No. Leverage scales your exposure to price movement, not your access to interest income. On a swap-free account there is no swap credit to amplify in the first place. Exness advertising up to 1:2000 and AvaTrade capping at 1:400 changes how much directional risk you can take per dinar of margin — it does nothing to manufacture carry income on an account that is barred from receiving it.

Is forex trading regulated in Kuwait?

Not at the retail CFD level. The Capital Markets Authority, created under Law 7 of 2010, regulates securities and financial advisors but issues no retail forex broker licenses. The Central Bank of Kuwait oversees interbank spot FX, not retail CFDs. Kuwaiti residents therefore trade through offshore-regulated brokers — Exness under FSA Seychelles, AvaTrade under its various authorisations — and "regulated" on those platforms means regulated abroad, not in Kuwait.

Why does funding through KNet make a broker feel local when it isn't?

Because the payment rail is genuinely domestic even when the product supervision is not. Deposits moving through KNet or a Kuwaiti bank transfer leave a local account through local infrastructure, which creates a strong impression that the whole arrangement is domestically sanctioned. It isn't — the CFD instrument itself sits with an offshore regulator or, functionally, outside supervision. The local rail and the offshore product are two separate facts that the deposit experience blurs together.

What should I actually optimise instead of chasing carry?

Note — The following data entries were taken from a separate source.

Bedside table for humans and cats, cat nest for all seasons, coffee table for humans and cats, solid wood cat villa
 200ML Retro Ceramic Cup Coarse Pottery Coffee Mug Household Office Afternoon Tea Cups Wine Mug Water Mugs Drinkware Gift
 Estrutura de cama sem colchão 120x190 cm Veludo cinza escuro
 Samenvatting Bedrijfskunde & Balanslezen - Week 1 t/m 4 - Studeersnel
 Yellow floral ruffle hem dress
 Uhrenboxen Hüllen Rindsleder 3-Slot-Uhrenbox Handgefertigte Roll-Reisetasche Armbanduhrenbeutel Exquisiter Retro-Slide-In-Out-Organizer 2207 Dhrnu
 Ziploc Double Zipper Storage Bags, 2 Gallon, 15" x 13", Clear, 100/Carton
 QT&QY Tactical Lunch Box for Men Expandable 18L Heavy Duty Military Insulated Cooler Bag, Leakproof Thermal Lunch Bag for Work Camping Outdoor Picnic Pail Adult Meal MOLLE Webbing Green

Account-tier selection and the overnight administration fee. Since roughly 90% of a standard EUR/USD spread is broker markup, moving to a raw or Pro tier where the spread sits near 0.1 pip improves your annual cost base more reliably than any view on rate differentials. Then obtain the swap-free administration-fee schedule in writing and model it against your holding period, because a flat fee you cannot quote is a cost you cannot control.